SUPPLIED MATERIAL
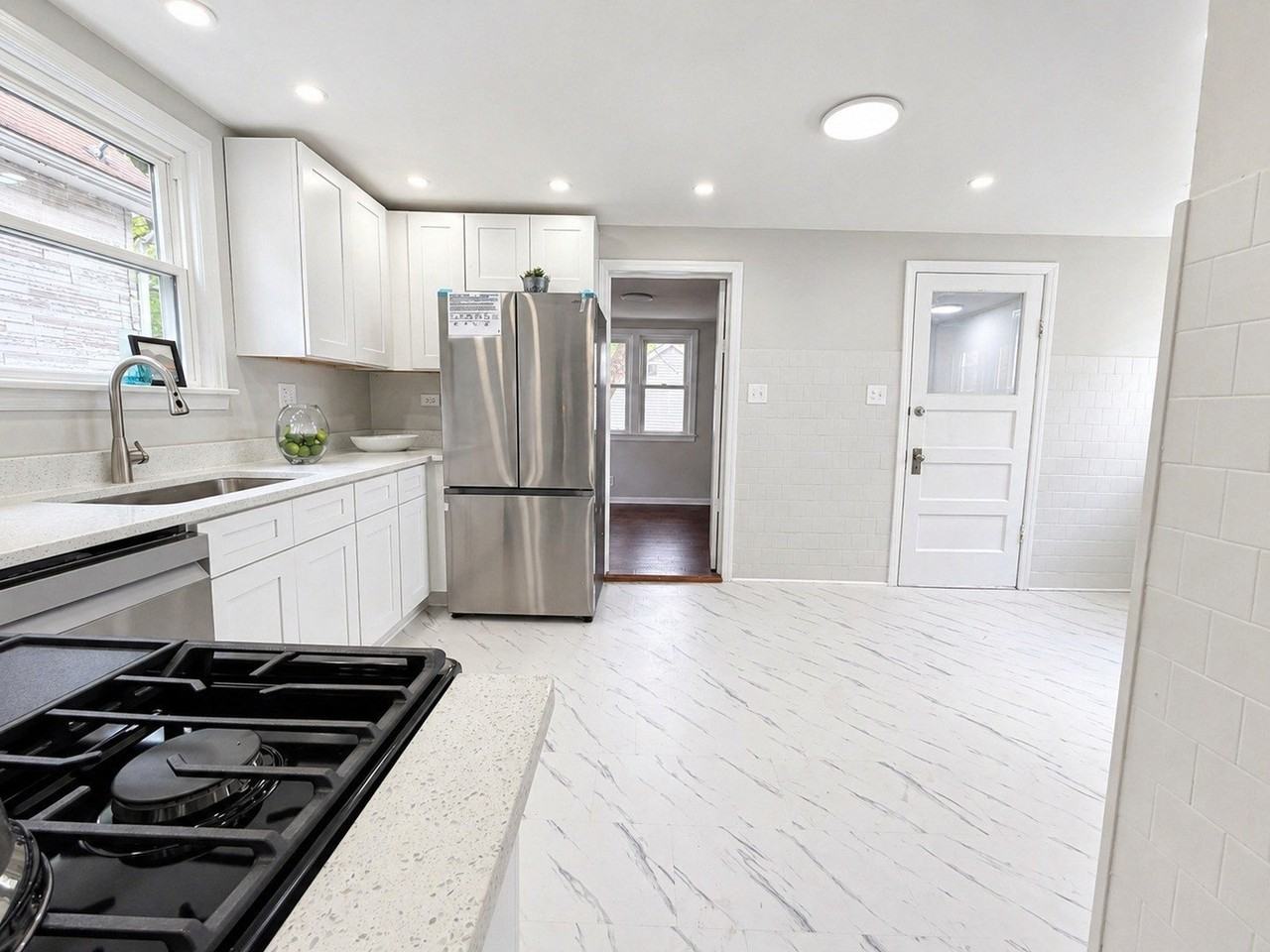 12253 S Peoria St - Photo 6 of 18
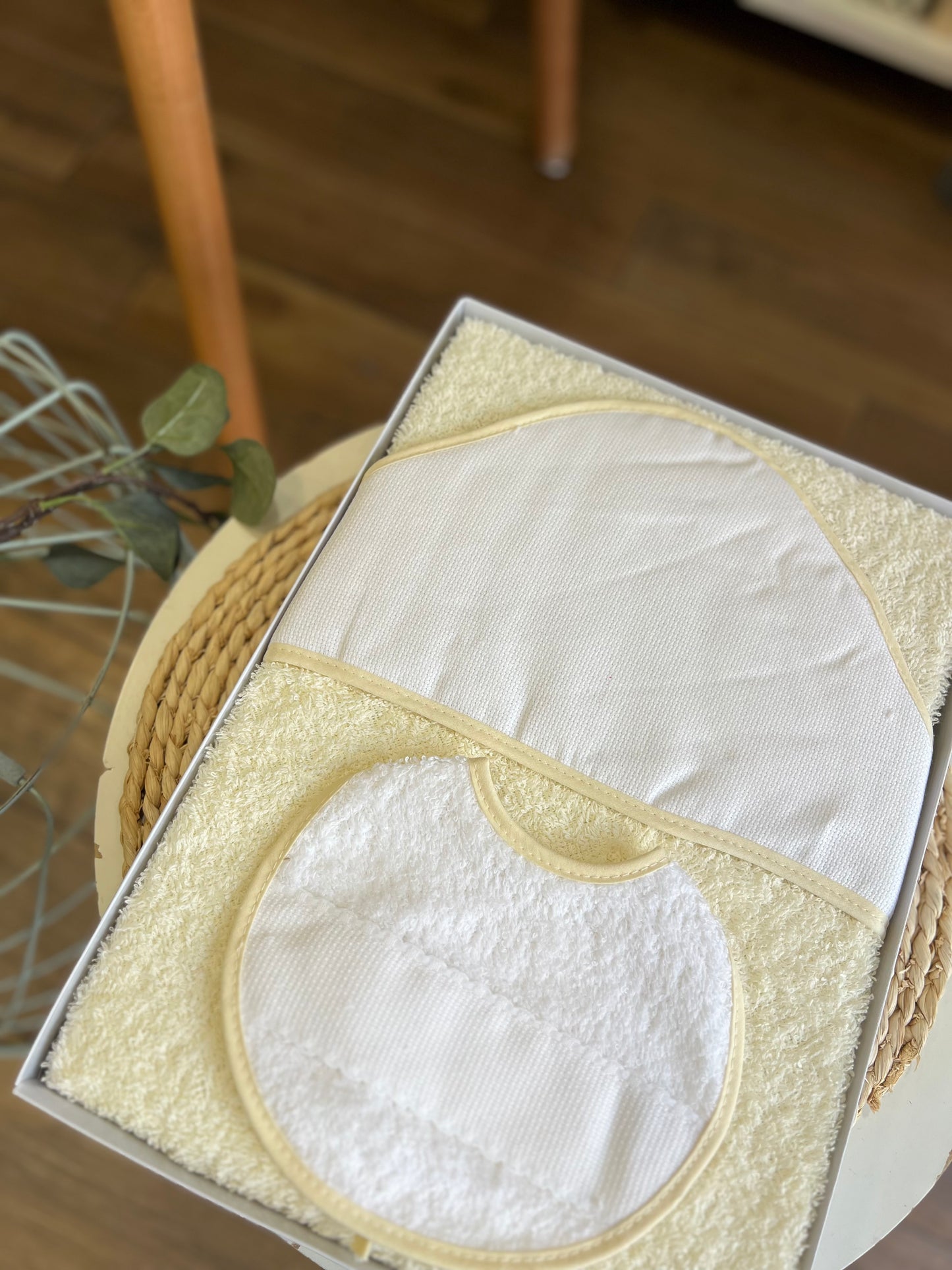 Accappatoio triangolo con bavetta Crema Personalizzabili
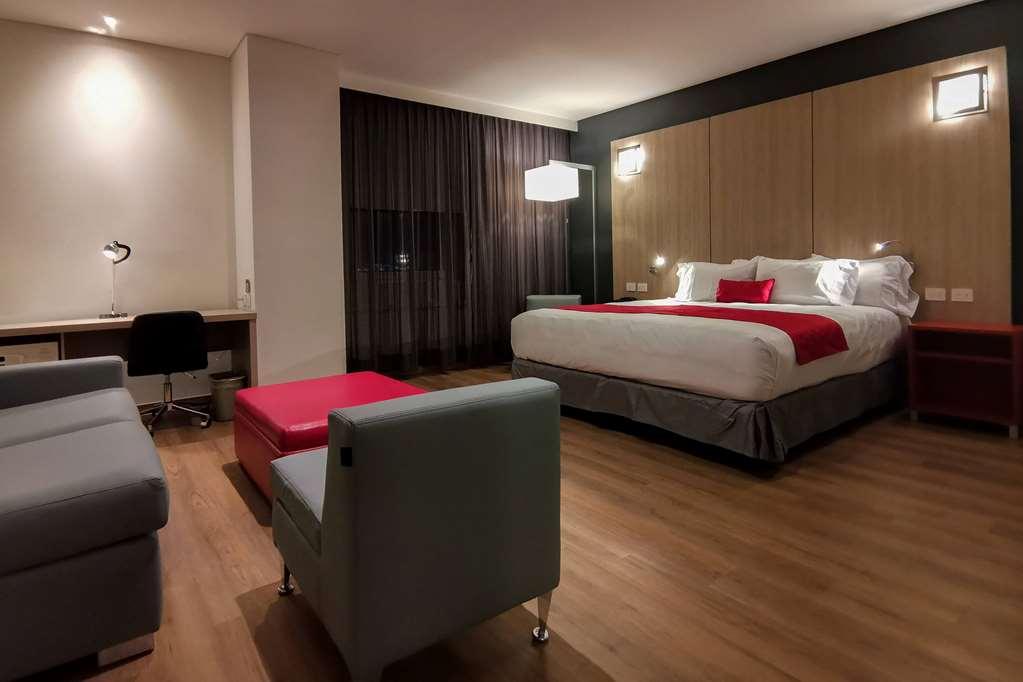 Ramada Encore By Wyndham Guadalajara Aeropuerto Las Pintas Bilik gambar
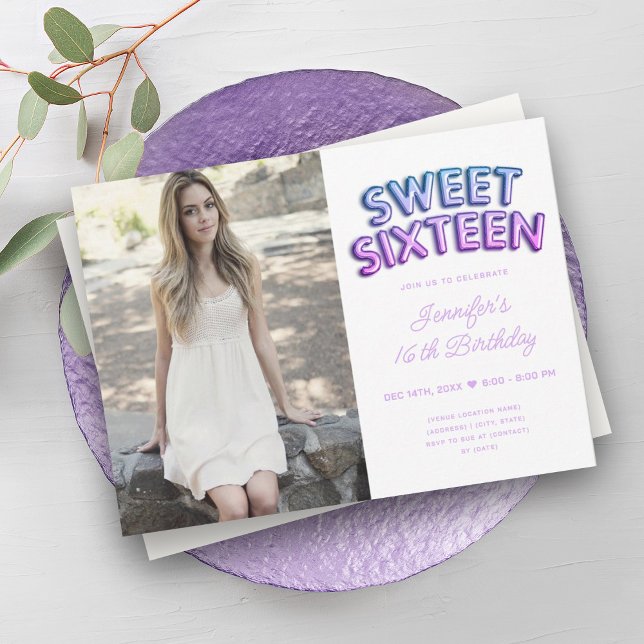 Convite Foto Moderna Balões Brancos Azuis Roxos Doce 16 (Modern Photo Purple Blue White Balloons Sweet 16 Invitation)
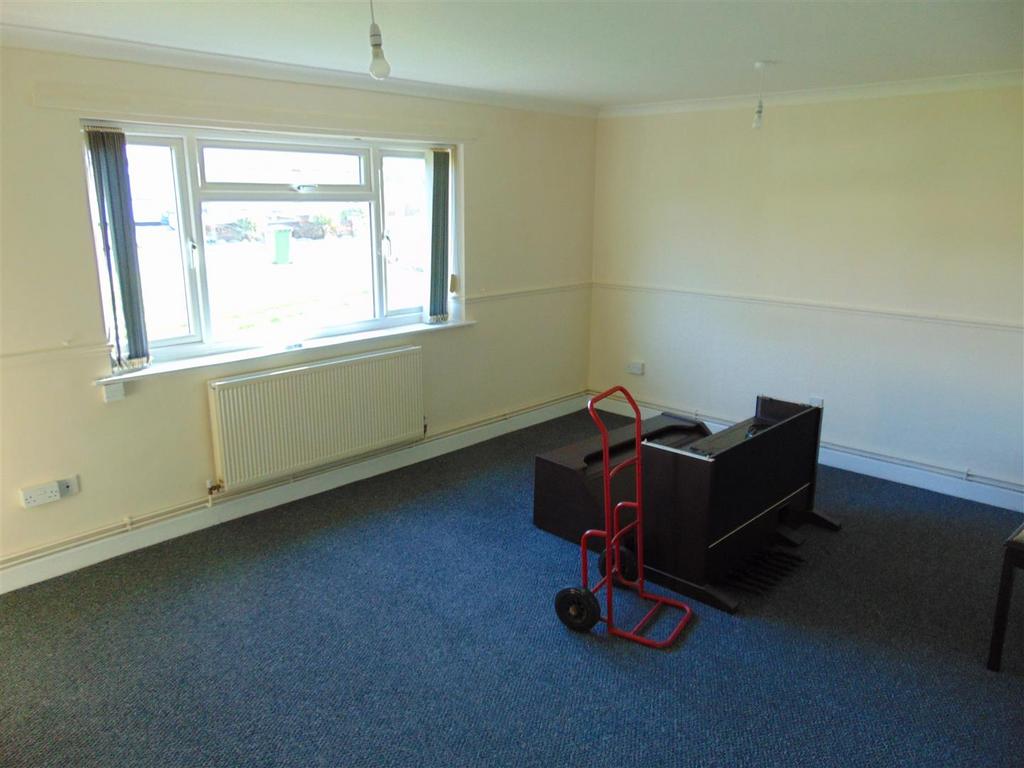 Walsall Wood Road, Aldridge 2 bed flat £650 pcm (£150 pw)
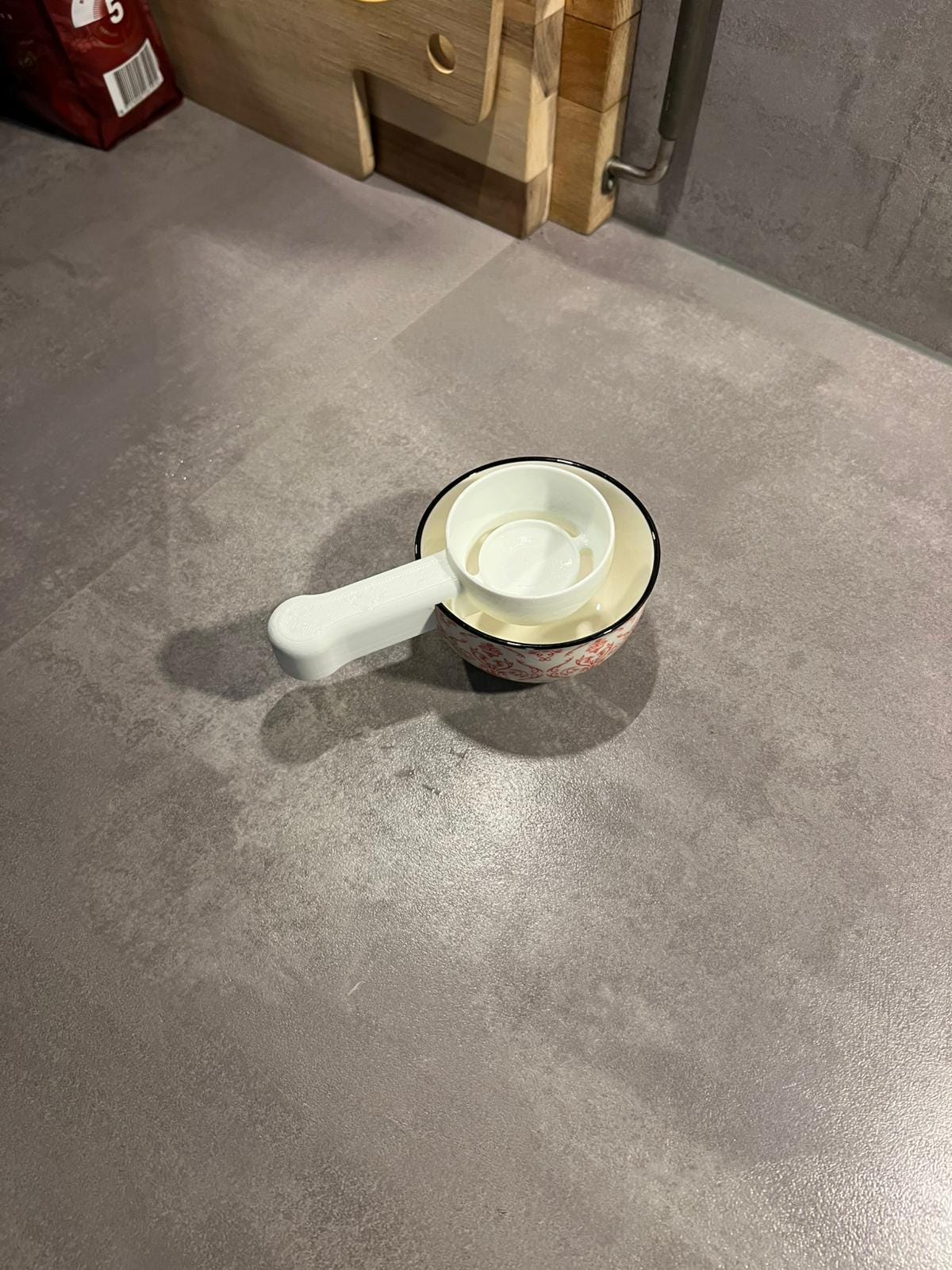 Egg Yolk Separator Tool | KitchenGadget | EggSplitter | CookingHack | Egg Splitter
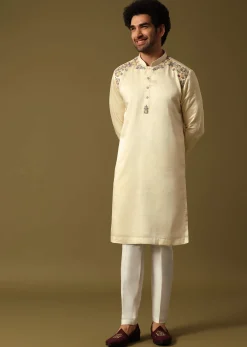 Off White Kurta Pant Set With Dupatta In Resham Work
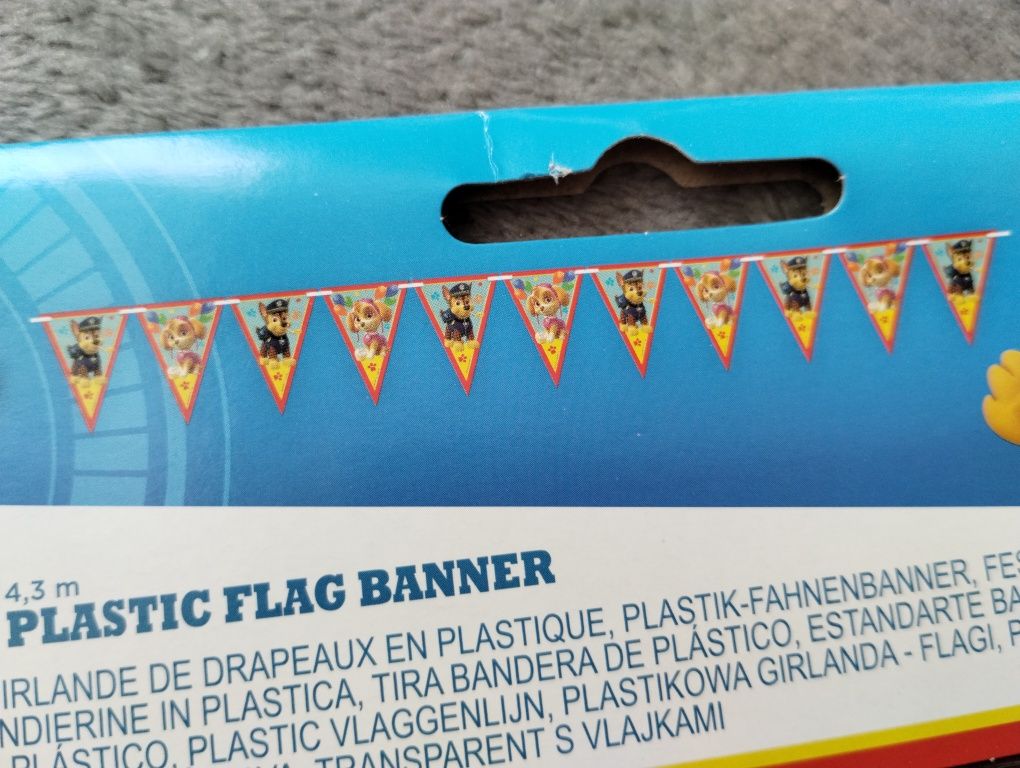 Zestaw urodzinowy Psi patrol - girlanda, świeczka, torebki prezentowe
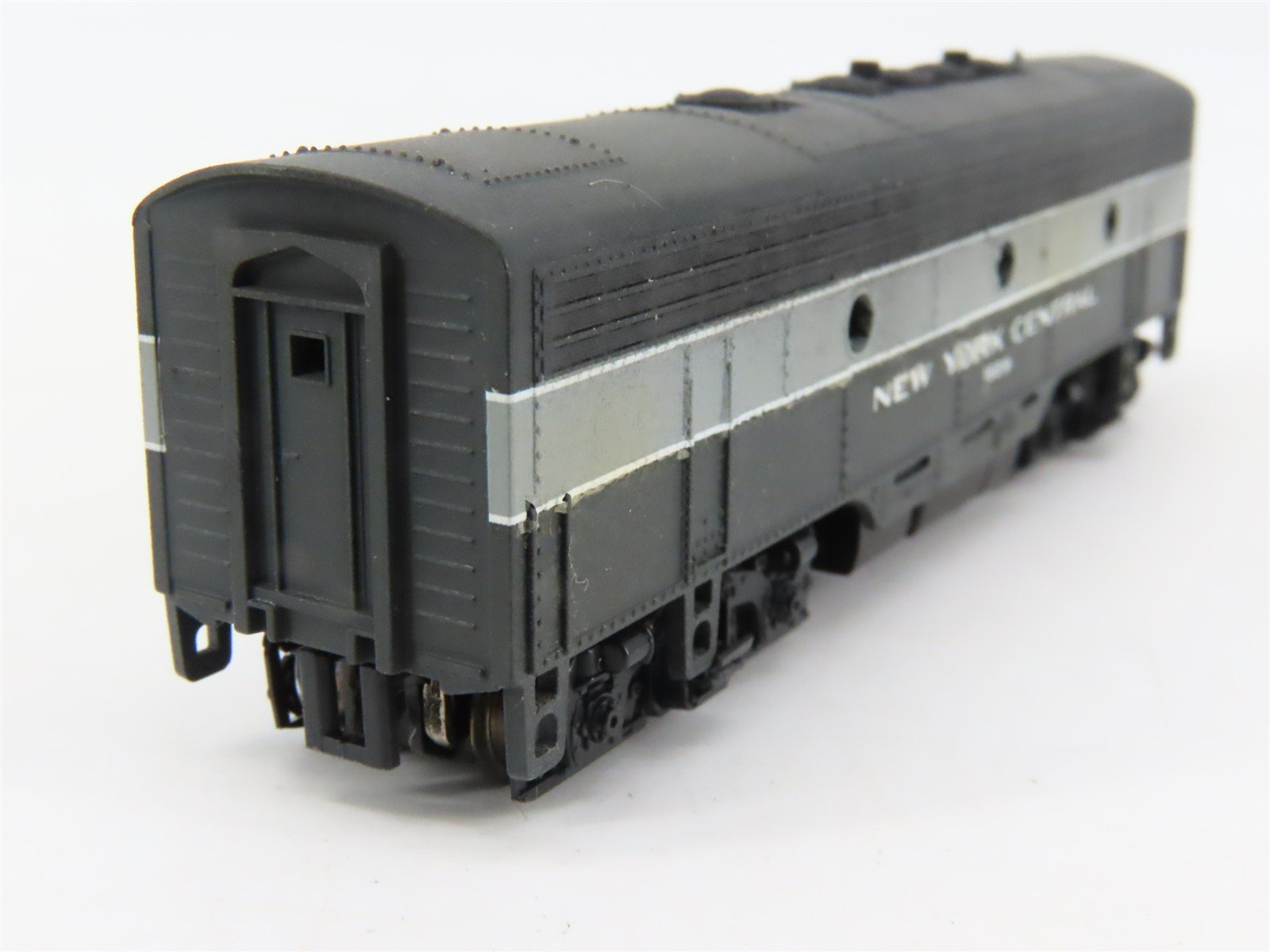 N Scale KATO 176-101 NYC New York Central F7B Diesel #1689 - Custom & Weathered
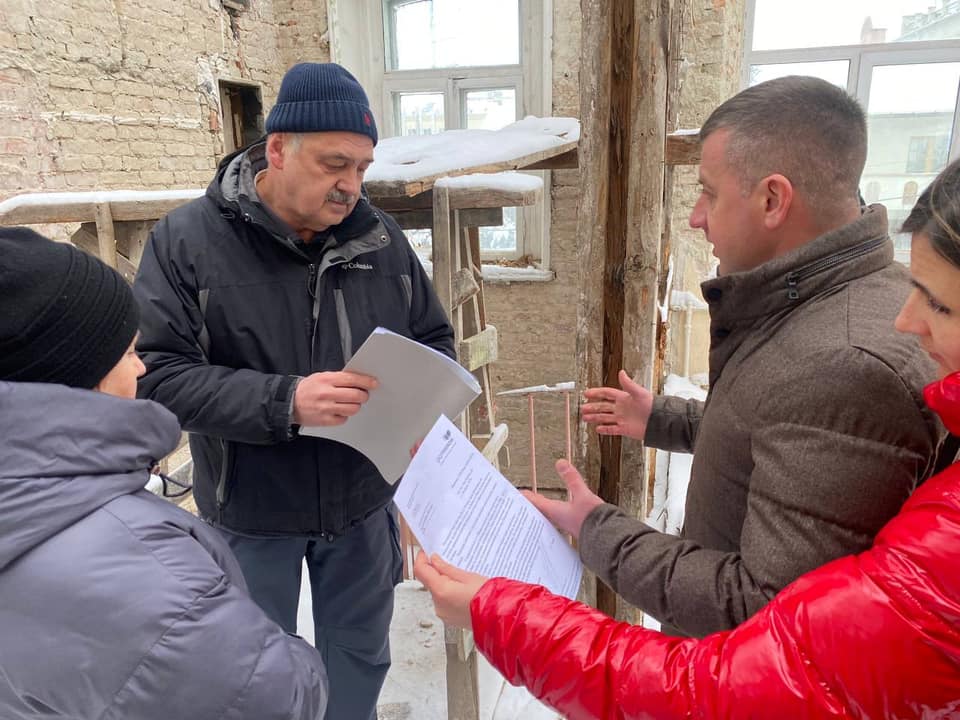 Будівля музичної школи в Рівному руйнується, бо посеред зими з неї зняли покрівлю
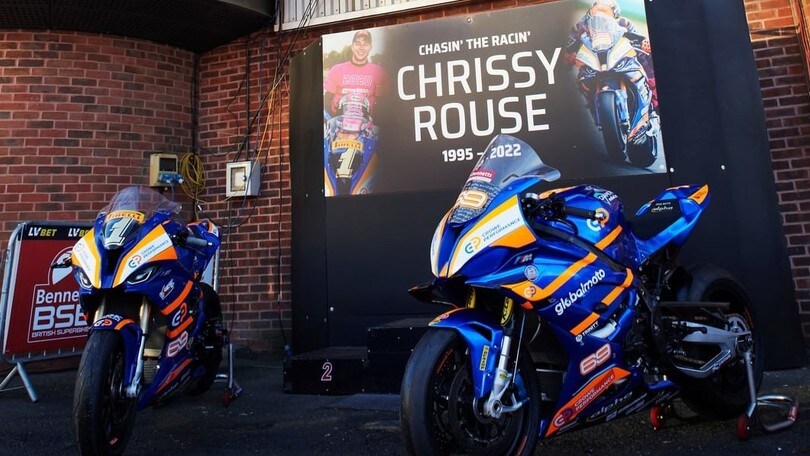 Il paddock del BSB ricorda Chrissy Rouse a Brands Hatch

ASSIGNMENT
Pictures should be skipped, and the records retyped word for word.

WRITTEN ANSWER
 12253 S Peoria St - Photo 6 of 18
 Accappatoio triangolo con bavetta Crema Personalizzabili
 Ramada Encore By Wyndham Guadalajara Aeropuerto Las Pintas Bilik gambar
 Convite Foto Moderna Balões Brancos Azuis Roxos Doce 16 (Modern Photo Purple Blue White Balloons Sweet 16 Invitation)
 Walsall Wood Road, Aldridge 2 bed flat £650 pcm (£150 pw)
 Egg Yolk Separator Tool | KitchenGadget | EggSplitter | CookingHack | Egg Splitter
 Off White Kurta Pant Set With Dupatta In Resham Work
 Zestaw urodzinowy Psi patrol - girlanda, świeczka, torebki prezentowe
 N Scale KATO 176-101 NYC New York Central F7B Diesel #1689 - Custom & Weathered
 Будівля музичної школи в Рівному руйнується, бо посеред зими з неї зняли покрівлю
 Il paddock del BSB ricorda Chrissy Rouse a Brands Hatch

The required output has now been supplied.